Starting with the line that contains "Bémon Gérald |" and stopping after the line that contains "2730 South Dandelion", return each line below exactly as written, with no others.

Data for analysis Start Marker

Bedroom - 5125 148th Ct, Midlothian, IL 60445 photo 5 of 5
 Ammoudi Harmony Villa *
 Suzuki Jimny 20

Data for analysis End Marker
Data for analysis Start Marker

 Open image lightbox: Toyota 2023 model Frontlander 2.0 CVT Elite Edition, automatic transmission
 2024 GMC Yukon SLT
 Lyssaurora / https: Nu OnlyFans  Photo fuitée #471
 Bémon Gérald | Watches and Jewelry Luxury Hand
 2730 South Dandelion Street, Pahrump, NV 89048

Data for analysis End Marker
Data for analysis Start Marker

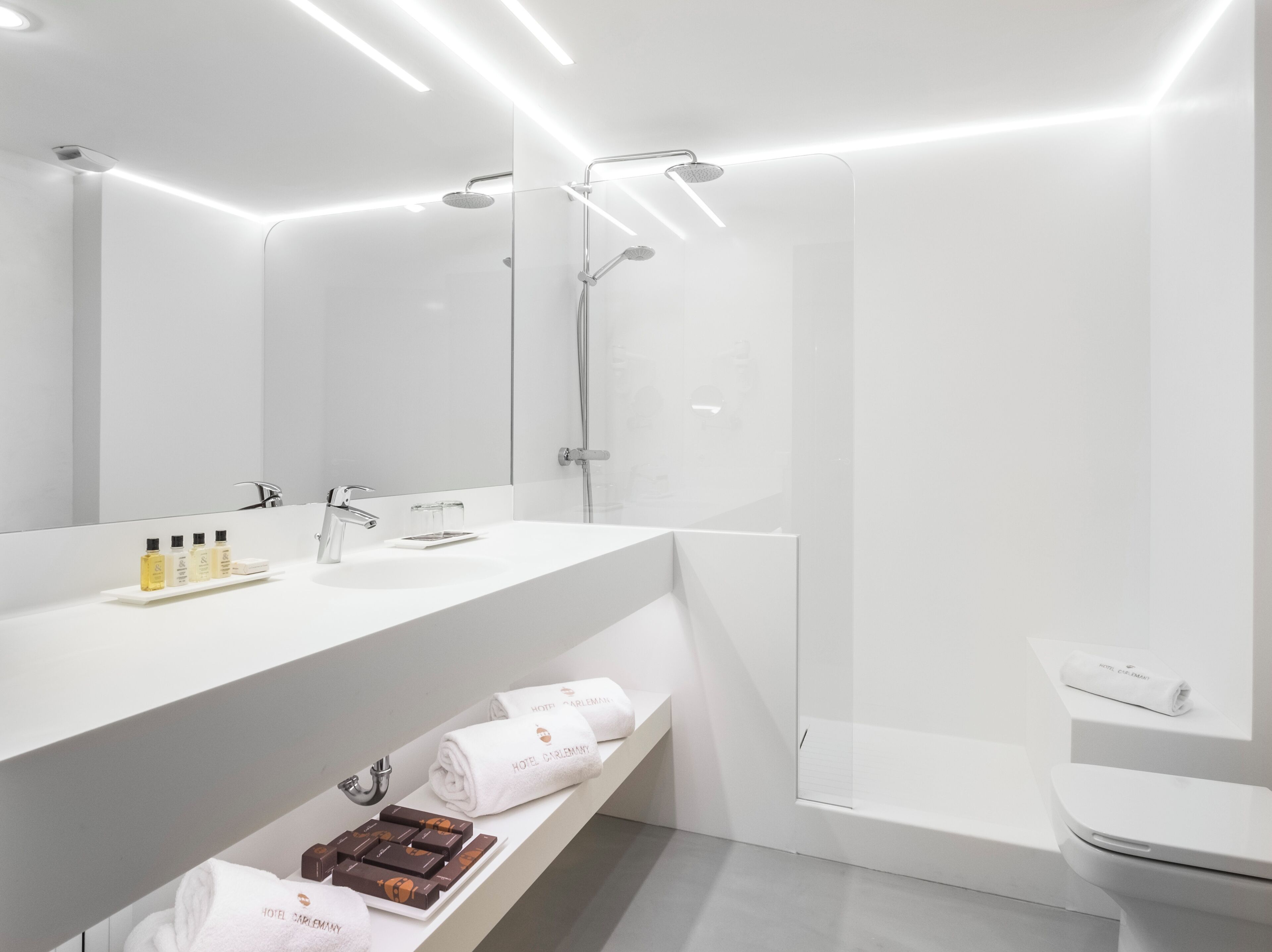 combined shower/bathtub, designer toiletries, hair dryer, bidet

Data for analysis End Marker

- Reply to the task:
 Bémon Gérald | Watches and Jewelry Luxury Hand
 2730 South Dandelion Street, Pahrump, NV 89048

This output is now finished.